Exercise goal |
With the pictures left out, write every entry down exactly.

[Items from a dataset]

------------------------------------

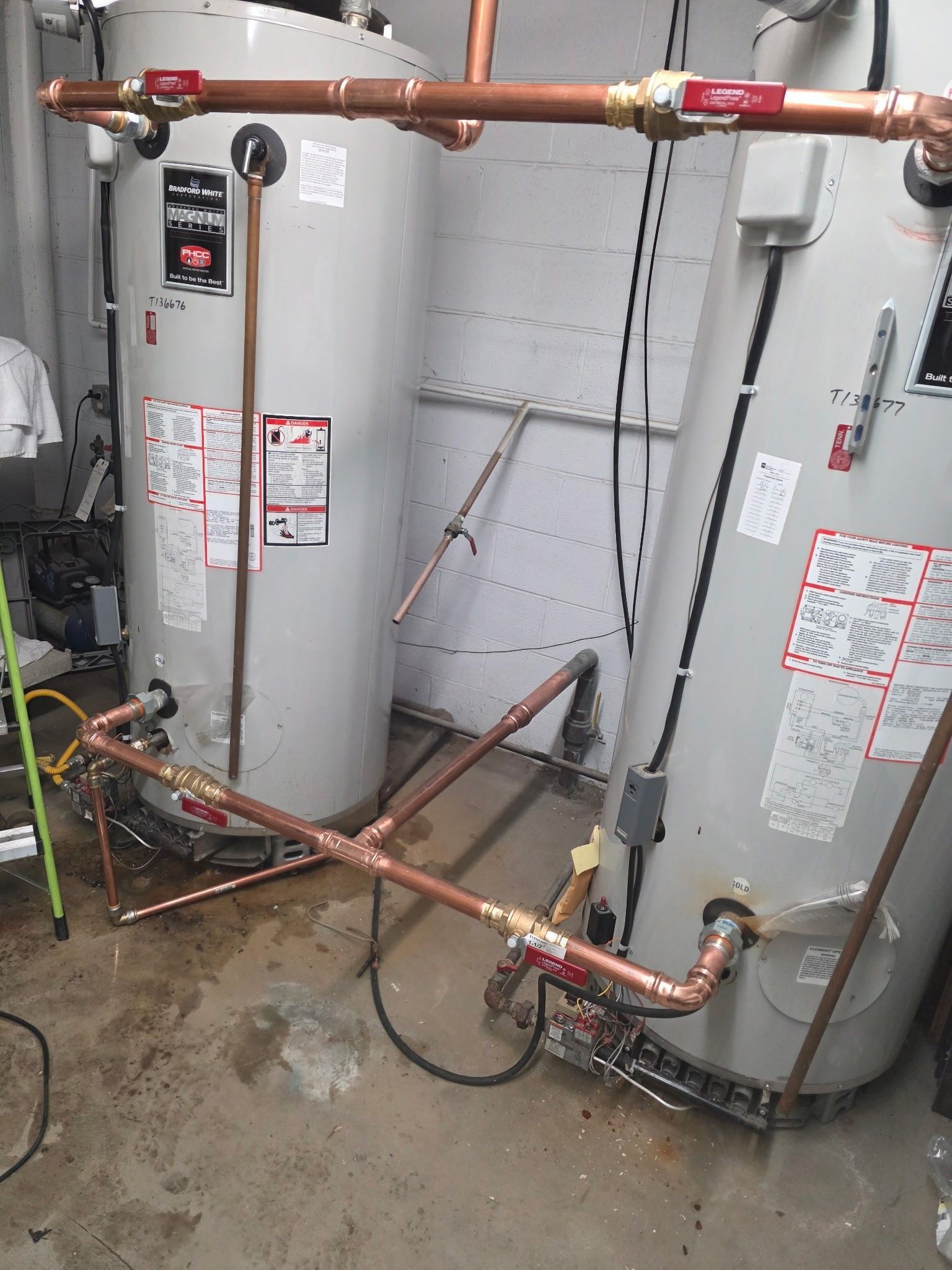 Two water heaters with copper piping in a basement.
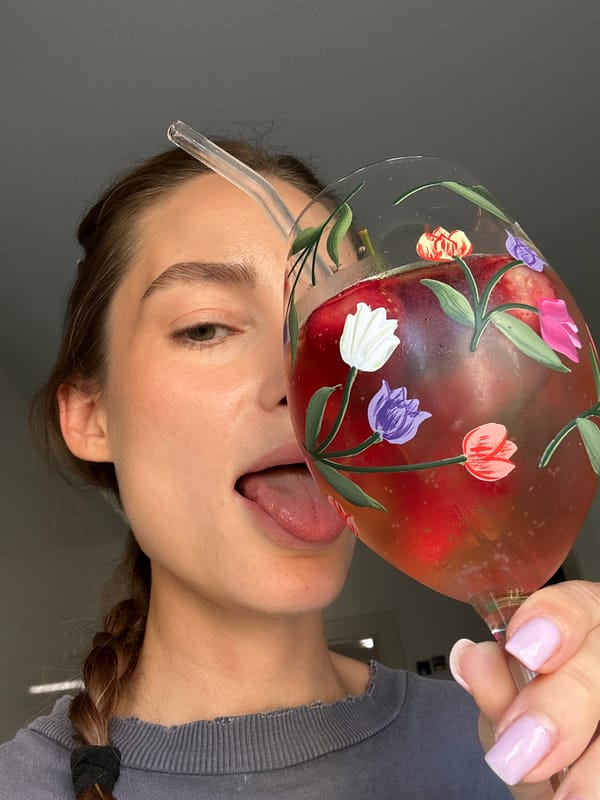 Woman enjoys decorated fruit drink in Kiel, Germany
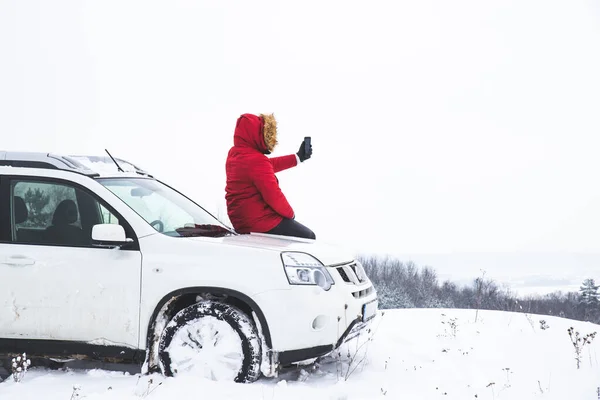 Άνθρωπος κάθεται στο καπό του αυτοκινήτου και γυρίσματα εικόνα της όμορφης θέα το χειμώνα στο τηλέφωνό του — Φωτογραφία Αρχείου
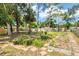 Large backyard featuring mature trees, lush garden, and fenced perimeter, ideal for outdoor activities at 2866 E Rainbow Cir, Sarasota, FL 34231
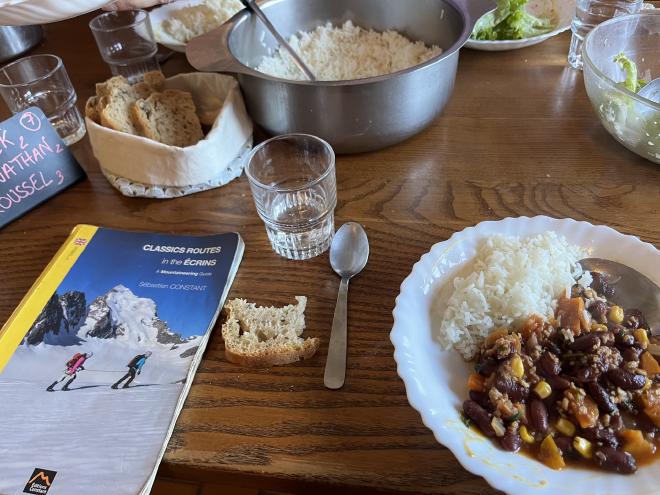 Dinner at the refuge with the Écrins guidebook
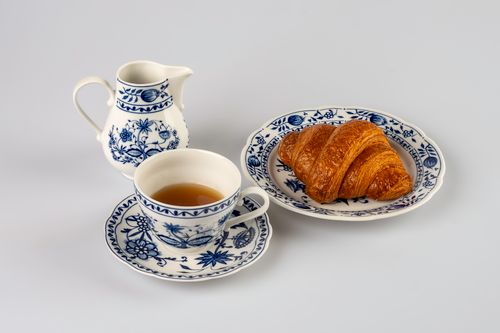 Free A croissant served with tea in a decorative porcelain set on a white backdrop, perfect for elegant tea time. Stock Photo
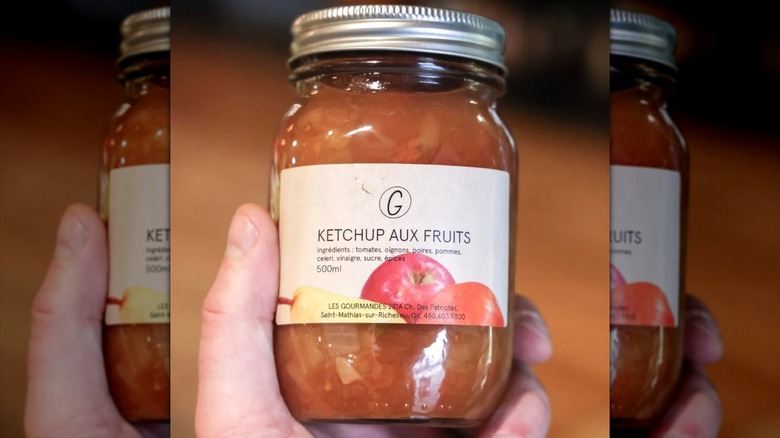 Hand holding a can of ketchup aux fruits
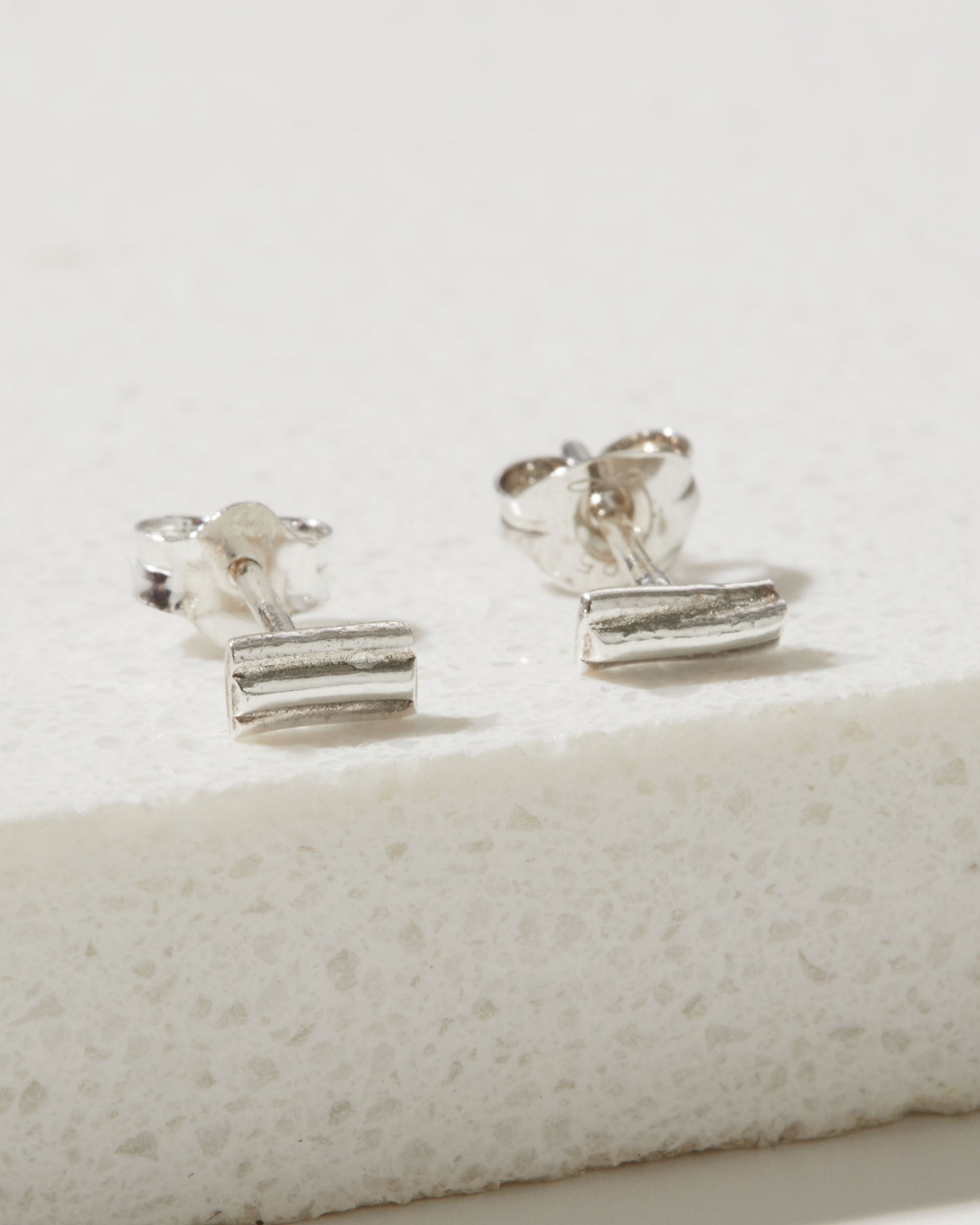 Pair of silver ripple stud earrings on a textured white surface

------------------------------------

Response to the task |
 Two water heaters with copper piping in a basement.
 Woman enjoys decorated fruit drink in Kiel, Germany
 Άνθρωπος κάθεται στο καπό του αυτοκινήτου και γυρίσματα εικόνα της όμορφης θέα το χειμώνα στο τηλέφωνό του — Φωτογραφία Αρχείου
 Large backyard featuring mature trees, lush garden, and fenced perimeter, ideal for outdoor activities at 2866 E Rainbow Cir, Sarasota, FL 34231
 Dinner at the refuge with the Écrins guidebook
 Free A croissant served with tea in a decorative porcelain set on a white backdrop, perfect for elegant tea time. Stock Photo
 Hand holding a can of ketchup aux fruits
 Pair of silver ripple stud earrings on a textured white surface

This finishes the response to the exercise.